Now we test each hydroxide given in the options against this criterion.

Testing $$Be(OH)_2$$. When we add hydrochloric acid, $$Be(OH)_2$$ dissolves by acting as a base:

$$Be(OH)_2 + 2HCl \;\longrightarrow\; BeCl_2 + 2H_2O.$$

On the other hand, when we add a strong base such as sodium hydroxide, $$Be(OH)_2$$ behaves as an acid and forms a soluble beryllate complex:

$$Be(OH)_2 + 2NaOH \;\longrightarrow\; Na_2BeO_2 + 2H_2O.$$

Because it reacts in both directions, $$Be(OH)_2$$ is amphoteric.

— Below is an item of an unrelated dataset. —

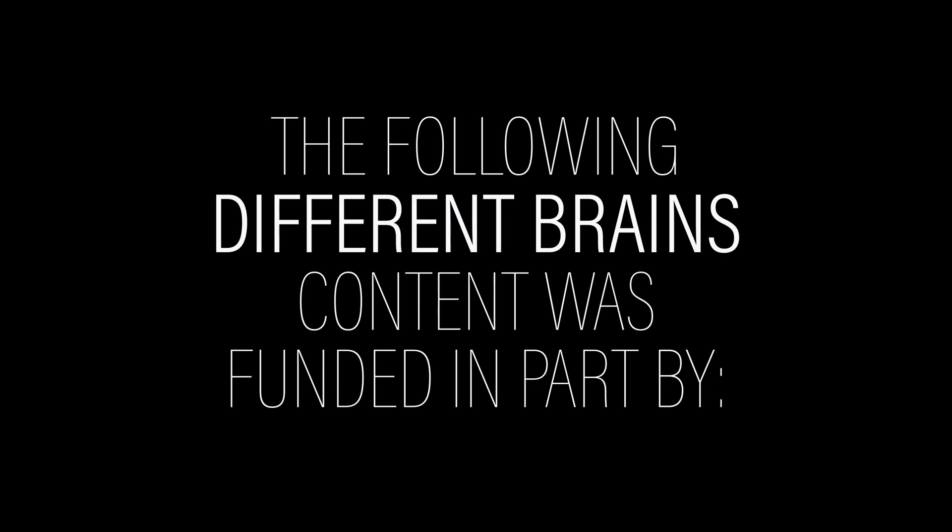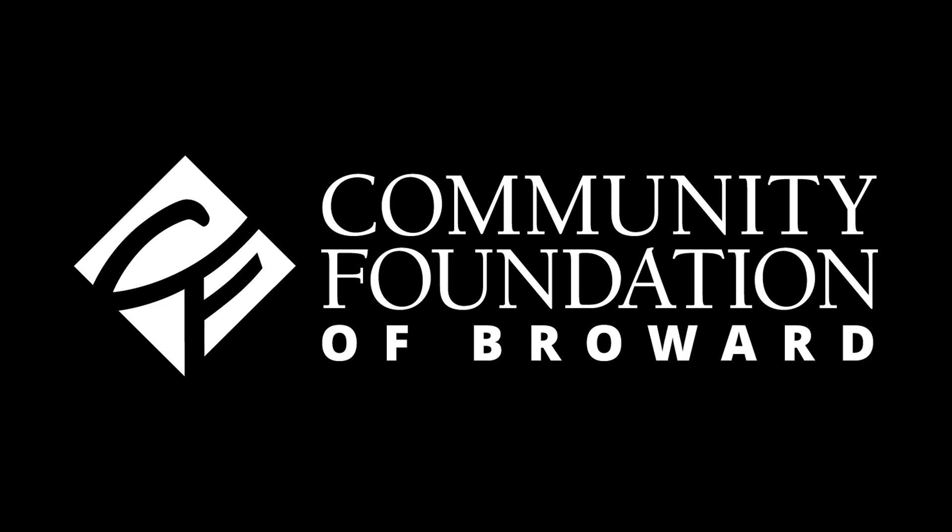The following Different Brains content was funded in part by the Community Foundation of Broward, and support from people like you. Hey everyone, welcome to Different Brains. I am your host, Harrison, and you're watching The Week in Neurodiversity.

Testing $$Ca(OH)_2$$, $$Mg(OH)_2$$, and $$Sr(OH)_2$$. Each of these hydroxides is clearly basic. They react readily with acids, for example

$$Ca(OH)_2 + 2HCl \;\longrightarrow\; CaCl_2 + 2H_2O,$$

but when treated with excess strong base they do not form any additional soluble complex anion; instead they simply remain undissolved or precipitate. Thus they are not amphoteric; they are purely basic hydroxides.

Since only $$Be(OH)_2$$ satisfies the amphoteric criterion, we conclude that it is the required hydroxide.

Hence, the correct answer is Option A.